Write out the lines of the material below exactly, beginning at the line with "GOLDNER KUSCHELWEICHER MIT" and stopping after the line with "Mercedes-Benz G-Class photo 8", and leave out the pictures.

#### Extracted data

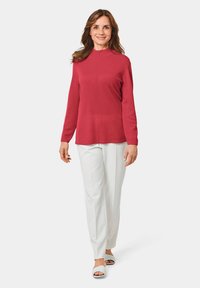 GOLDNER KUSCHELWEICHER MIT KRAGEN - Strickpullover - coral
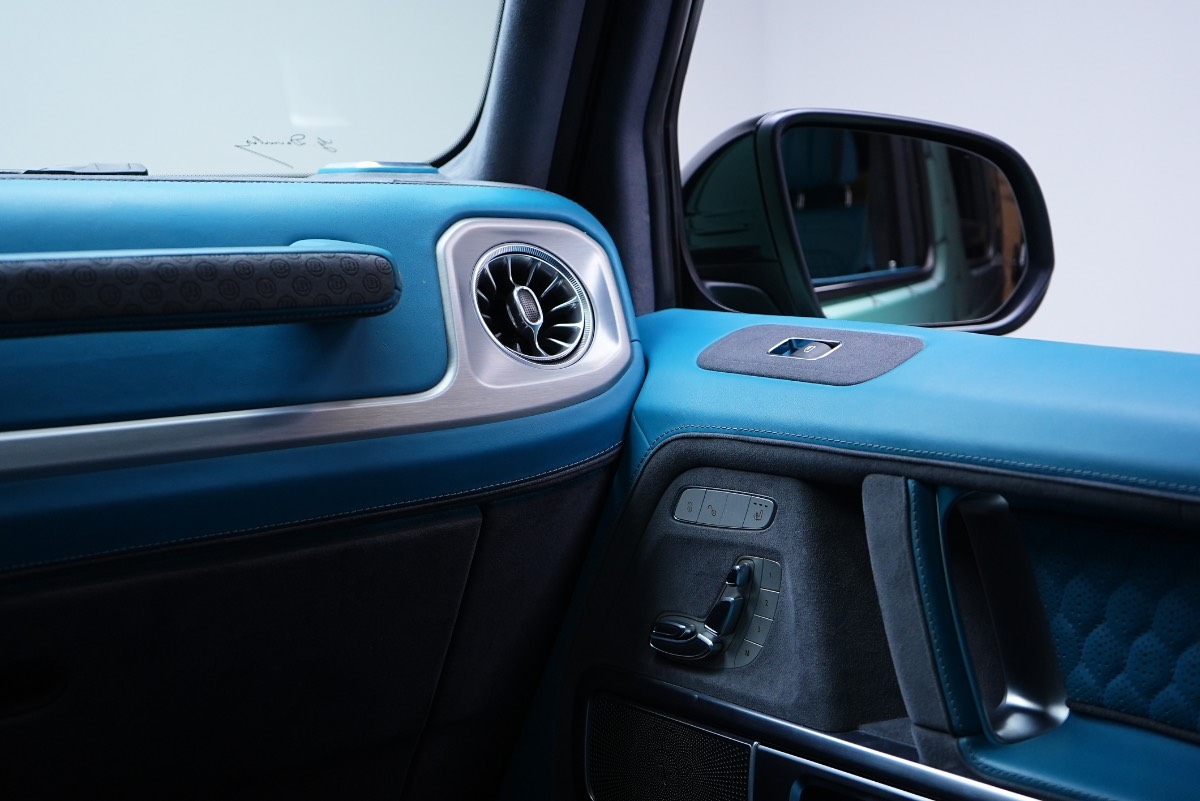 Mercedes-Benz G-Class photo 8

########
#### Extracted data

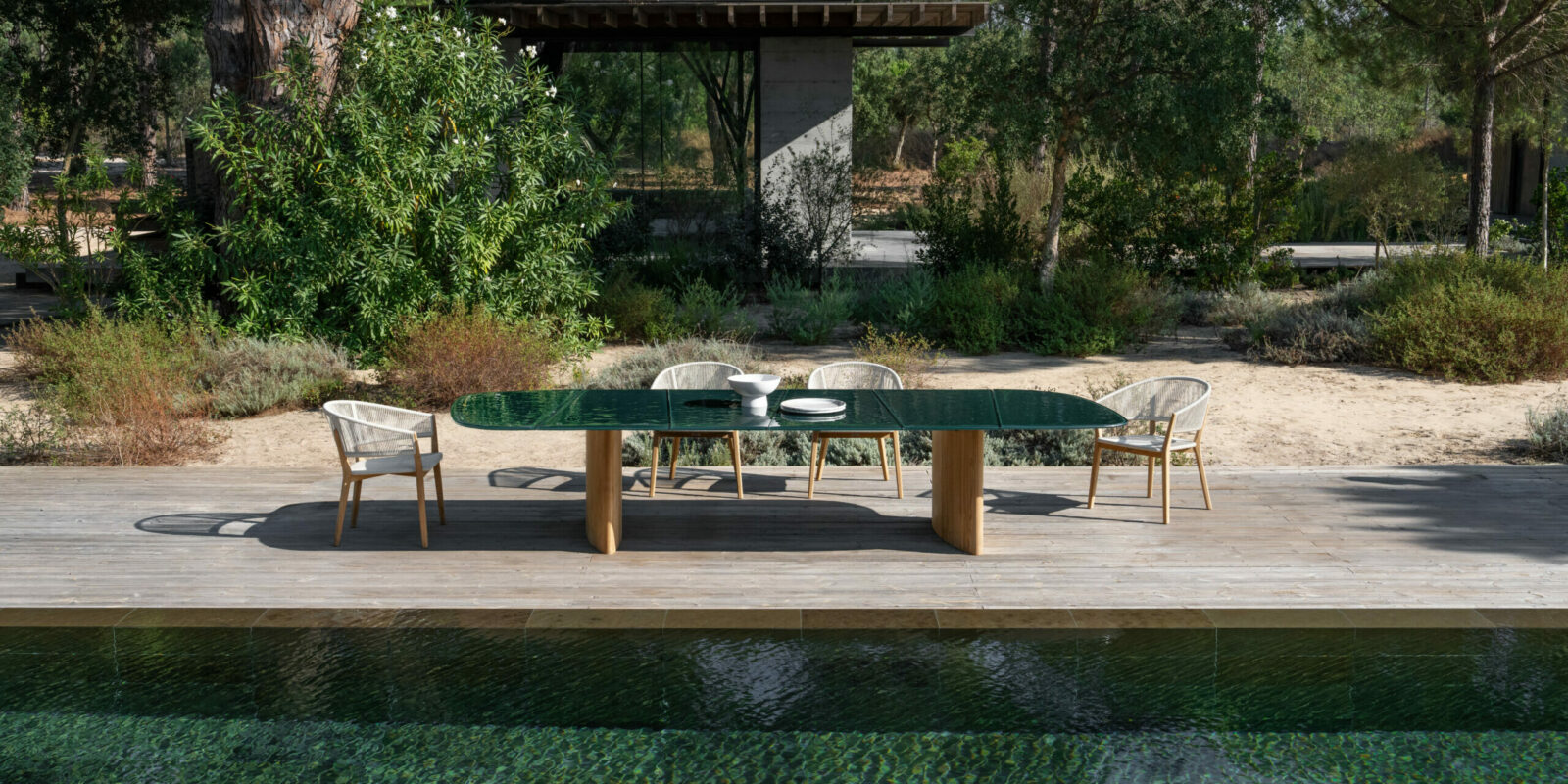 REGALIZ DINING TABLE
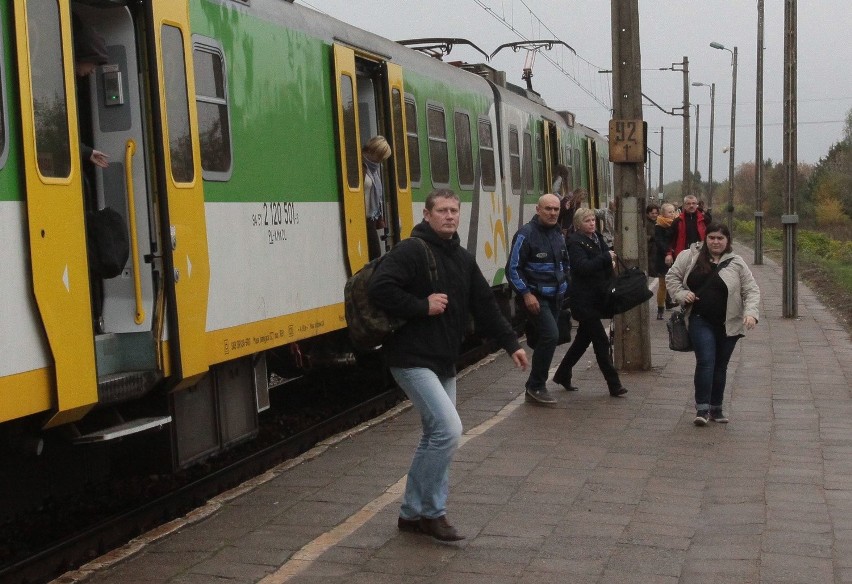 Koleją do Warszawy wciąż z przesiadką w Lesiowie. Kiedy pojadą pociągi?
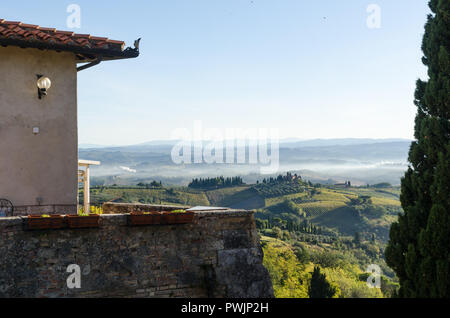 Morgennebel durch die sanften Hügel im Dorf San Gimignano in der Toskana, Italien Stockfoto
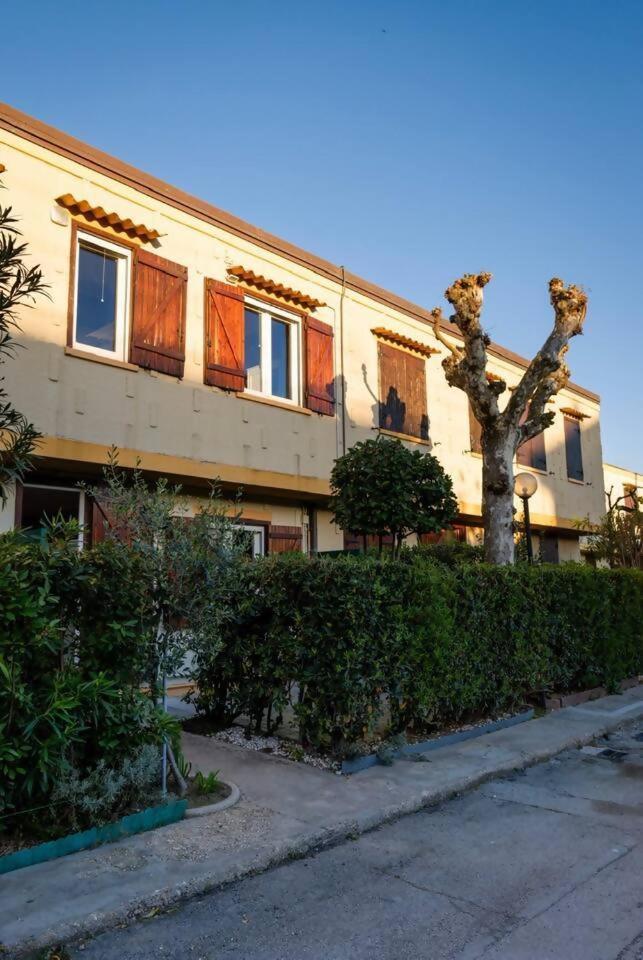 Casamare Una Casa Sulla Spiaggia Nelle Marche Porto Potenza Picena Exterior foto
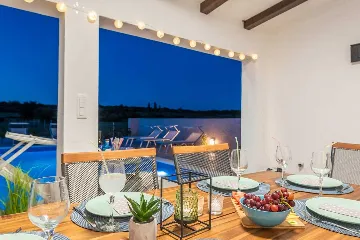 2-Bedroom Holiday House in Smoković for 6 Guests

########

* _Your response_
 GOLDNER KUSCHELWEICHER MIT KRAGEN - Strickpullover - coral
 Mercedes-Benz G-Class photo 8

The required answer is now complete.